The master branch of Nematus doesn't currently have multi-GPU support, but there is some experimental code that may be merged in soon.

520jefferson commented 6 years ago

@rsennrich when i train with nematus ,if i kill the training procedure according to the PID of GPU, (i set reload is True) then i start the traing procedure again ,whether the training rate will be lower?i have some feeling about this.

rsennrich commented 6 years ago

If you don't change the configuration, Nematus will continue training with the same learning rate. Even if you use an optimizer with adaptive learning rates, such as adam, Nematus stores the information that is necessary to continue with the same learning rates (in model.npz.gradinfo.npz ).

520jefferson commented 6 years ago

@rsennrich I have two question. First,when decoding i use --device-list gpu0 gpu1 gpu2 gpu3 gpu4 ,but it actually use gpu0. Second, it take so much time to decode using translate.py

Attach my decode setting as follows: export THEANO_FLAGS=mode=FAST_RUN,device=gpu,floatX=float32 python translate.py \ -k 11\ -p 1\ -n 1\ --models $MODEL/model.iter468000.npz\ -i /home/mt-srcb/work/nmt/ai_raml/test/valid.en\ -o /home/mt-srcb/work/nmt/ai_raml/test/ai.valid.out\ --device-list gpu0 gpu1 gpu2 gpu3 gpu4

My training setting as follows: --layer_normalisation\ --tie_decoder_embeddings \ --enc_depth 4 \ --dec_depth 4 \ --dec_deep_context \ --enc_recurrence_transition_depth 2 \ --dec_base_recurrence_transition_depth 4 \ --dec_high_recurrence_transition_depth 2 \

bricksdont commented 6 years ago

Hi,

Use a number higher than 1 for the cmd option -p. Each of those processes will then bind to a different GPU device if 1) you used --device-list to specify several devices and 2) several are available on your system.

Side note, you could install and use the new gpuarray backend for theano, then use device=cuda in your flags. See https://github.com/Theano/Theano/wiki/Converting-to-the-new-gpu-back-end%28gpuarray%29 and http://deeplearning.net/software/libgpuarray/installation.html.

Finally, for fast decoding, people have used Marian which is compatible with some Nematus models.
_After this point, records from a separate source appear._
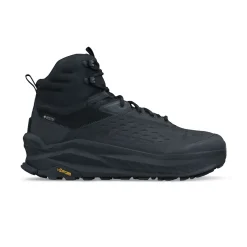 Altra Men's Olympus 6 Hike Mid GORE-TEX Black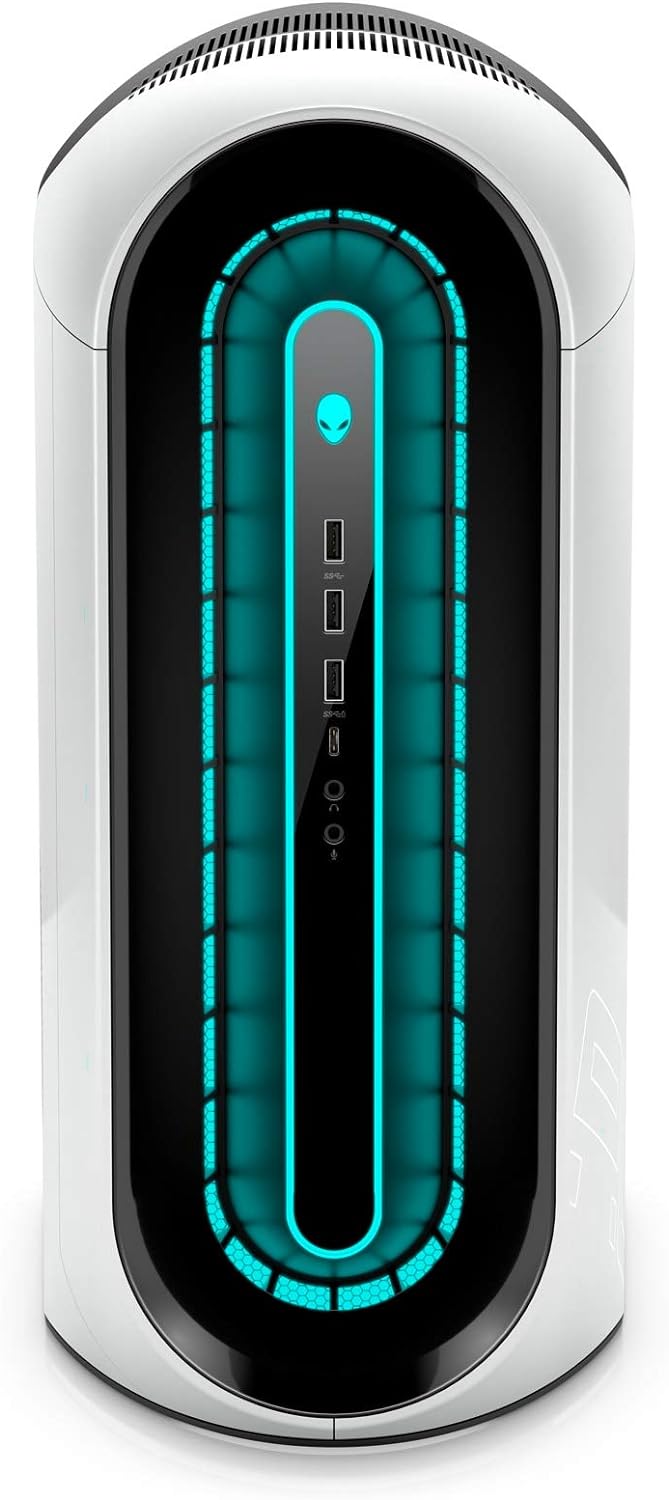 Alienware Aurora R12 Lunar Light 11th Gen Intel Core i7 11700F 16GB RAM NVIDIA RTX 3070 256GB SSD +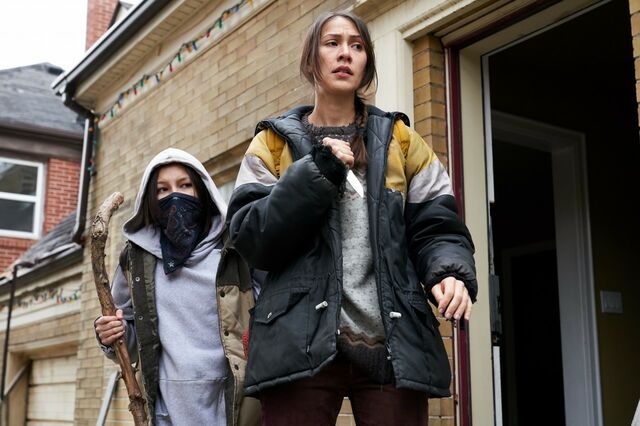 Danis Goulet’s Night Raiders (2021).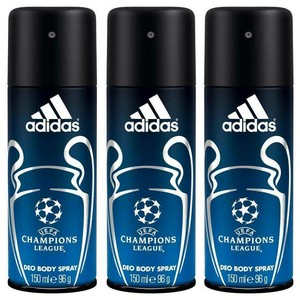 adidas uefa champions league deo
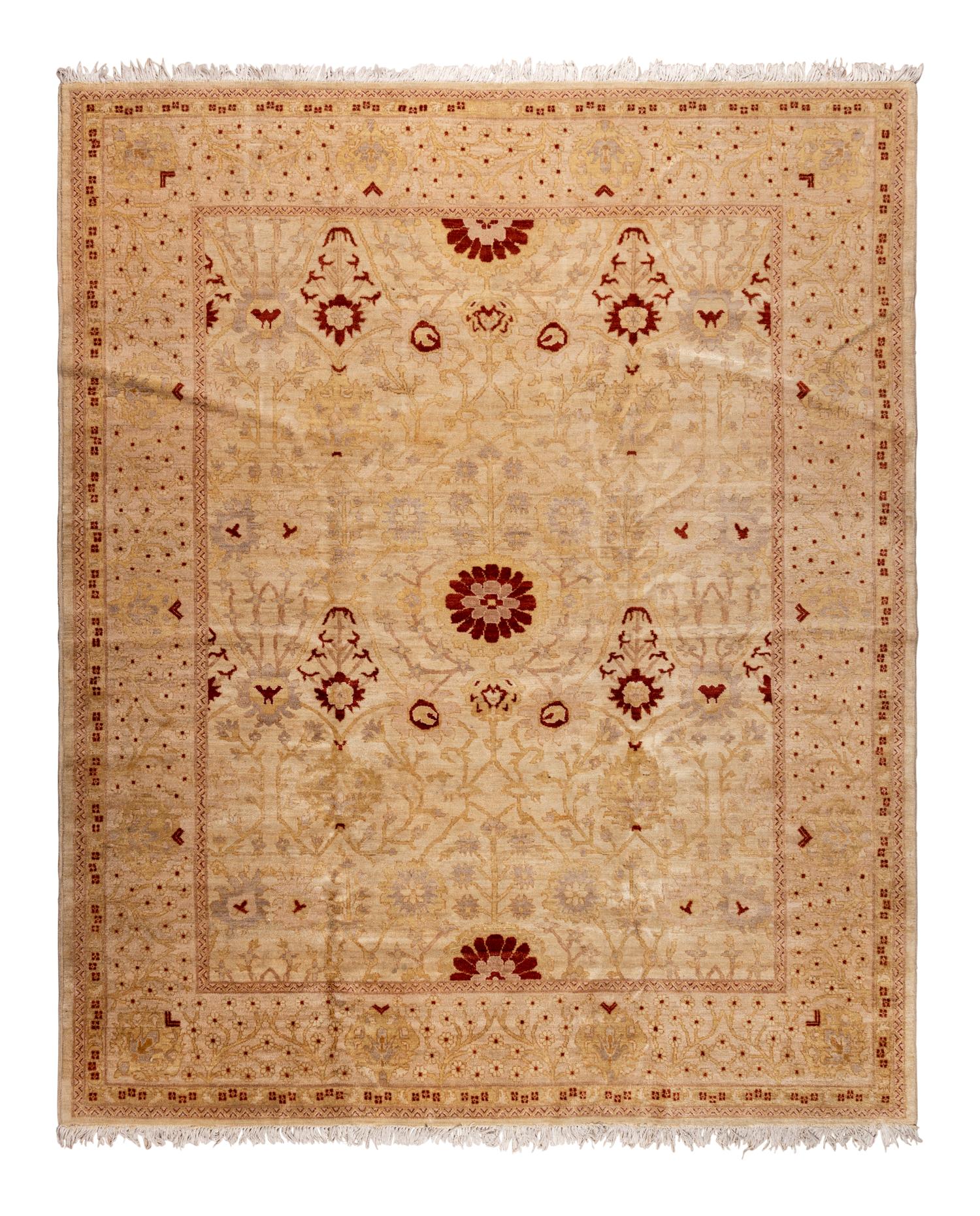 An Egyptian Wool Rug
Perhaps worthwhile for you to try, if performance is a priority: https://marian-nmt.github.io/.

520jefferson commented 6 years ago

@bricksdont
marian ,you mean type s2s could decode deep nematus?

bricksdont commented 6 years ago

I did not try this myself, but at least deep models are listed as a feature of S2S: https://marian-nmt.github.io/features/. But you seem to have some experience with Marian development yourself, did you try this already?

520jefferson commented 6 years ago

Thanks, i will try ,i already validate the effect of marian (type --amun) in my corpus (nearly same as nematus,even a bitter high in no deep mode), then i will try the type of s2s.